What Sitecore Developer Training does
After receiving the training, a developer should understand how to use the tool, what the terminology and basic structure is, and also how to build simple components. If you’re lucky, you may have even learned some DMS and it’s still fresh in your mind. This training is making sure you know what Sitecore is, how it works for authors, and how you should be doing basic changes to the platform.
What Sitecore Developer Training does not do
You are not ready for the real world yet. Not after training. You will not know all the best ways to do every single aspect of a Sitecore project, nor should you. The best situation you can be in after training is to come home to a team of well-seasoned veterans who can coach you the rest of the way. Sitecore training is an introduction, not an end-goal.
There are a few gaps you’ll have to jump after training to get to real world scenarios. Below are just a handful of them.
Gap #1: Deployments
DevOps best practices and architectural decisions for automating deployments are not covered in training. Hopefully, your team has somebody who knows this already, but if you’re “the one”, training won’t cover this. There are a lot of blogs (including this one) that can get you started though.
Gap #2: Edit vs Preview markup
The concept of a datasource-driven component should have been covered in training. You may have even bound some items and fields to some Sitecore web controls. In most situations, this is not what you actually do in the real world. Complex components, especially ones that have advanced presentation requirements (like carousels, accordions, tabs, etc.) cannot be edited the way they are rendered. You need to be able to understand that sometimes what you render for editing is not what you want to render for presentation. This means knowing about Page Modes (Preview, Editing, Normal, etc.) and toggling visibility of controls in the markup.

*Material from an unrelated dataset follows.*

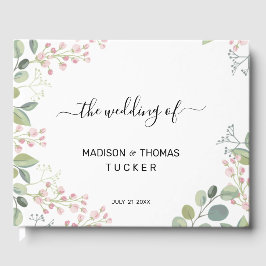 Fijne bloemen en eucalyptusbladeren gastenboek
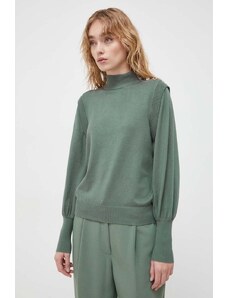 Bruuns Bazaar pulover femei, culoarea verde, light, cu turtleneck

Gap #3: Custom Experience Buttons
These buttons are additions you make to the Core database so that your component can have friendly buttons for interacting with your component. Almost any component you build will have datasource fields that you should not edit in the WYSIWYG interface, so custom experience buttons allow you a way to expose these fields to the author in an easy way. Check this post by my colleague for some details.
Gap #4: Using Include patch files
This is a task that I do almost every day, but it doesn’t seem to get much attention from folks just starting into the Sitecore development world. Stop editing the Web.config file and use patch includes! This is critical to maintaining your upgrade path and ensuring you have a cleaner architecture.
Gap #5: Scaling and Hardening
This one is tough. I’ve had developers who have been doing Sitecore development for years and have never had to be involved in the actual scaling and hardening of a Sitecore instance. The guides are out there, but even understanding what it all means and why you are doing it is not necessarily obvious. If you haven’t done this before, make sure you have an experienced hand guiding you because this one is complicated…
Try it yourself
I encourage anyone out there to place a newly trained Sitecore developer on their team and work closely with them to see what other types of gaps you might see. This allows you to identify areas for onboarding materials and blog posts of your own :).